=== PROVIDED DATA ===
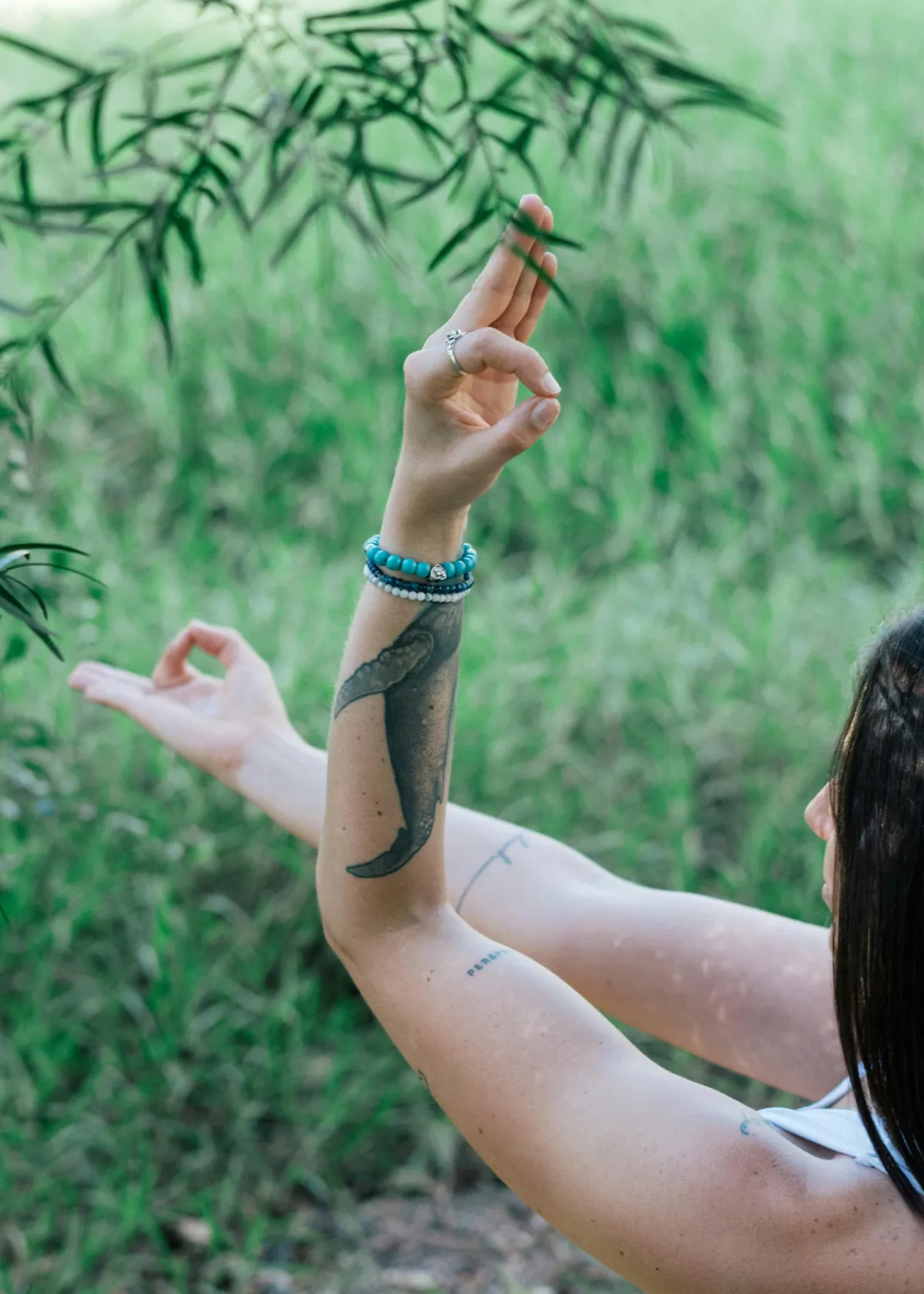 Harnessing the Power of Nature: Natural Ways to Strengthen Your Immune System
===
=== PROVIDED DATA ===
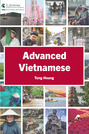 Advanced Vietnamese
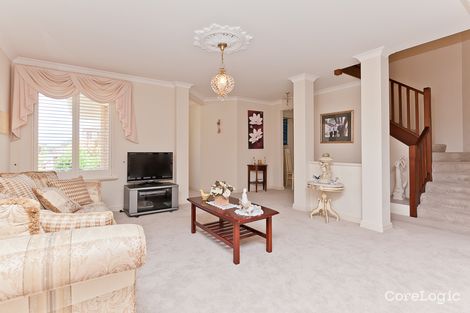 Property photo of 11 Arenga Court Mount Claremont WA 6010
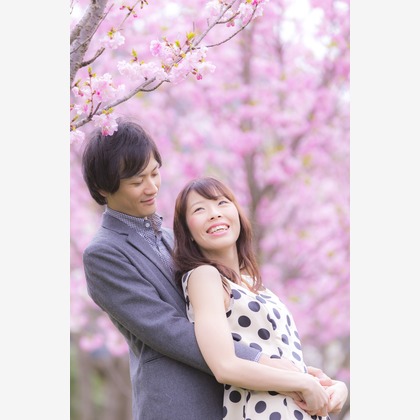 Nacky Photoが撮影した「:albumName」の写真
===
▸ WHAT THE TASK REQUIRES
Treat the line with "Advanced Vietnamese" as the start and the line with "Nacky Photoが撮影した「:albumName」の写真" as the end, and return exactly that span of the data above, both ends included, without pictures.

▸ RESULT
 Advanced Vietnamese
 Property photo of 11 Arenga Court Mount Claremont WA 6010
 Nacky Photoが撮影した「:albumName」の写真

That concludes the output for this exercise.